Question about shaders and L2 texture caches

I have a simple shader that wants to sum many textures together in a render pass. There is no kernel or random access occurring, the final output should just be the sum of each pixel at the same texture coordinate from all the textures. For this example say I’m trying to do this with 200 textures.
Previously with OpenGL due to the limited number of texture image units available, I’d split this up into groups of 16 or 32 textures in a pass and ping-pong the running total texture with the output textures to accumulate the result. With Vulkan and it’s large number of image descriptors we can bind, I decided to try to do this all in a single renderpass.
However this ended up being much slower than splitting it across multiple passes, which surprised me. I profiled using NSight, which showed me I was having much less L2 cache hits than the 32 textures/pass workflow.
When doing 32 textures per pass, I would assume that by the time the 32nd texture is sampled, data from the 1st texture would have been pushed out of the L2 cache anyways. However that doesn’t seem to be the case. Does anyone have any insight into what is happening here?

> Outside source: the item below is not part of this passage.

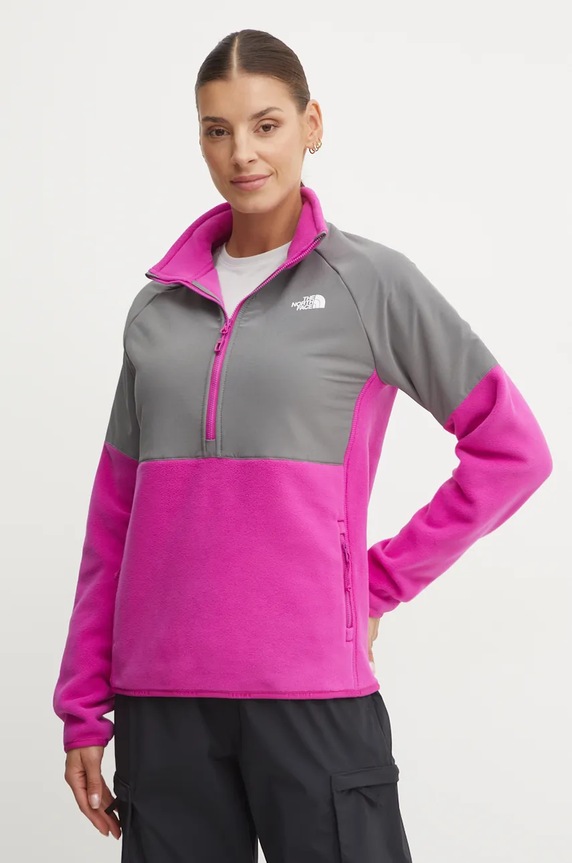 Športová mikina The North Face Glacier Heavyweight bez kapucne fialová NF0A89JB71O1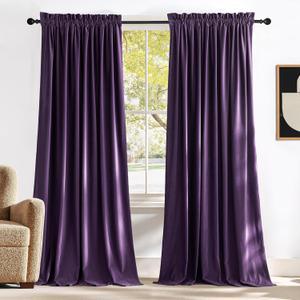 NICETOWN Purple Velvet Blackout Curtains, Solid Heavy Matt Rod Pocket Drapes/Window Treatments for Hall, Theater (2 Pieces, 96 inches Long)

Is it that threads are going to sleep after sampling some of the texture (waiting for the data to arrive), causing new ones to wake up and start new texture fetches, which ends up thrashing memory when I’m trying to do 200 textures in a single pass?
Any way I could make this fast in a single pass, even in a compute shader?

Hi @MalcolmB,

sadly I am unable to answer your question here. I am just wondering if there might be a better category than GPU Hardware for this topic. Maybe Vulkan since you mentioned this happens after switching there from OpenGL?

And in case you are not aware, there is also a general NVIDIA developer Discord where someone might be able to comment.